§ **WHAT TO DO**
Among the records that follow, count the lines where "dark" appears, and state the count by itself.

Start of RAW DATA

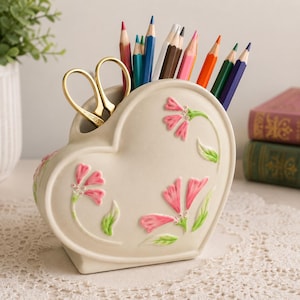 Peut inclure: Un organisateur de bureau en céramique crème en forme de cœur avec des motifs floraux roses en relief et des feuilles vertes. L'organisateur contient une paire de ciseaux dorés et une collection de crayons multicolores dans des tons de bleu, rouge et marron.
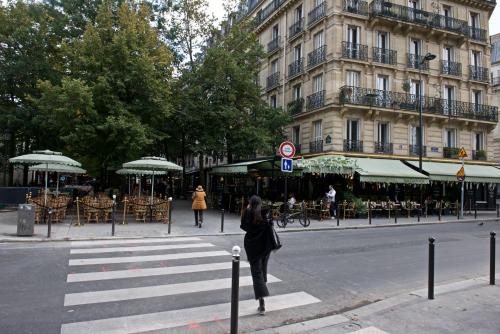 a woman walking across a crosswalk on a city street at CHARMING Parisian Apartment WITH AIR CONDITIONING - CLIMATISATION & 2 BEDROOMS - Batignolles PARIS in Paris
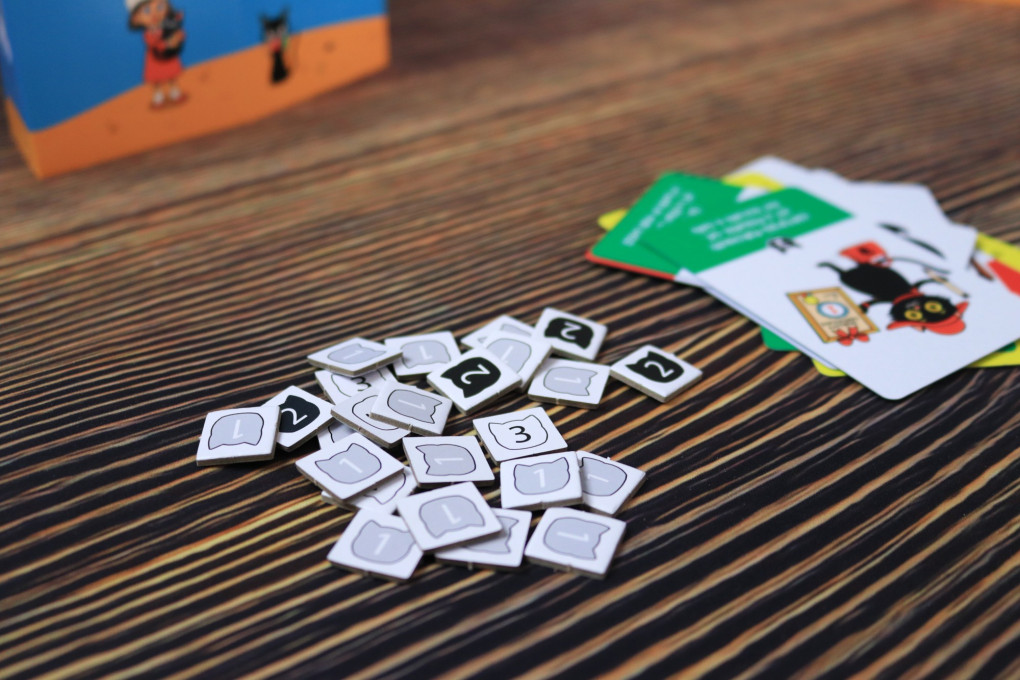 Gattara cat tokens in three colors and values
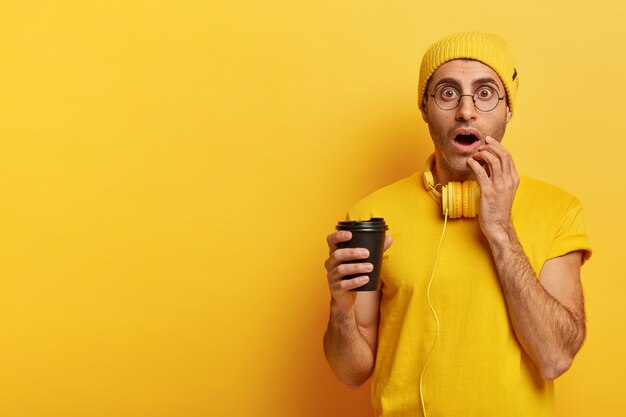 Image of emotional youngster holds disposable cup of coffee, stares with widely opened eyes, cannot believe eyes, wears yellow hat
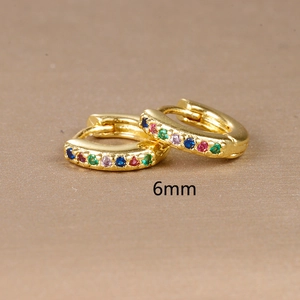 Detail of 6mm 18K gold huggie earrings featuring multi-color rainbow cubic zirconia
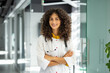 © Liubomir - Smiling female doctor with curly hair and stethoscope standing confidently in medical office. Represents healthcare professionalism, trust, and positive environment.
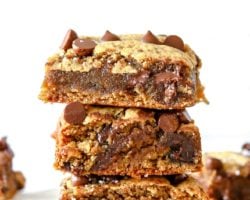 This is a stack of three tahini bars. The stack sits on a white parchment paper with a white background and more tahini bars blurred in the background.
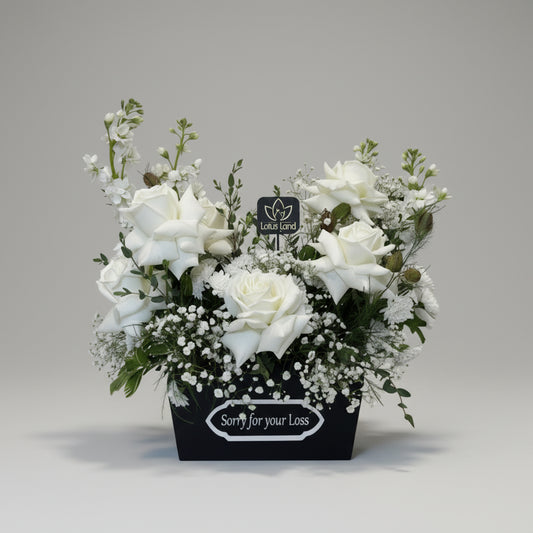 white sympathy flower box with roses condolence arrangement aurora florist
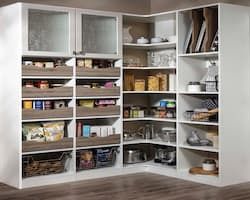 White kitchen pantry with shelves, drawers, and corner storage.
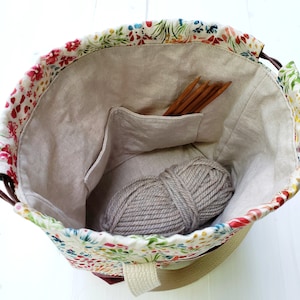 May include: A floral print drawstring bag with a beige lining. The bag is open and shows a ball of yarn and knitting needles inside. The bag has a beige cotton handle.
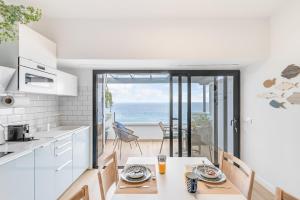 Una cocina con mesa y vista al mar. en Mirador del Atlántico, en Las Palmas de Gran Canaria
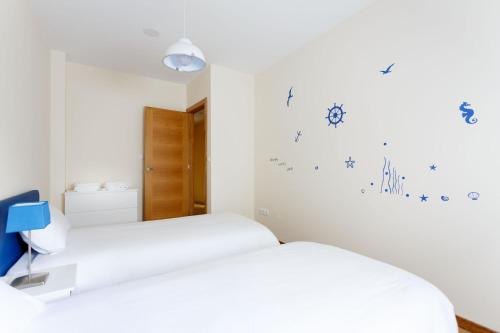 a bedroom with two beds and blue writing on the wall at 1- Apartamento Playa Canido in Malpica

End of RAW DATA
Start of RAW DATA

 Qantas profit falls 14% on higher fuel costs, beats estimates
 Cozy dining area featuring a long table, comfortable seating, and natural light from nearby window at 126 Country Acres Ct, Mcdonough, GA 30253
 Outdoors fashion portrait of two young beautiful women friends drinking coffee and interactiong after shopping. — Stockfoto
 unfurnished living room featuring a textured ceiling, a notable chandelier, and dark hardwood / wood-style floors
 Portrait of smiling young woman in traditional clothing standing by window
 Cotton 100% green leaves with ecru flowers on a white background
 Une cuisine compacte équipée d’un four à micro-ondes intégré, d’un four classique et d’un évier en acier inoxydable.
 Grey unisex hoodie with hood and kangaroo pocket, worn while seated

End of RAW DATA
Start of RAW DATA

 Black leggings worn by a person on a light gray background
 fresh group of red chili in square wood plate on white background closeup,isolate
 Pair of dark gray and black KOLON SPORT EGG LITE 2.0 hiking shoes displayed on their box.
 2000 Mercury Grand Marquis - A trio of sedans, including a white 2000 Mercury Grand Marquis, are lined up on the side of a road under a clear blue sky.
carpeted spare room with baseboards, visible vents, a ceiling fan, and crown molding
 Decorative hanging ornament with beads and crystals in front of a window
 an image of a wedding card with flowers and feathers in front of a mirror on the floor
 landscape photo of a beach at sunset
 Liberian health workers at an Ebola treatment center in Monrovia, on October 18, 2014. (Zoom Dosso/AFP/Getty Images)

End of RAW DATA

§ **TASK RESPONSE**
2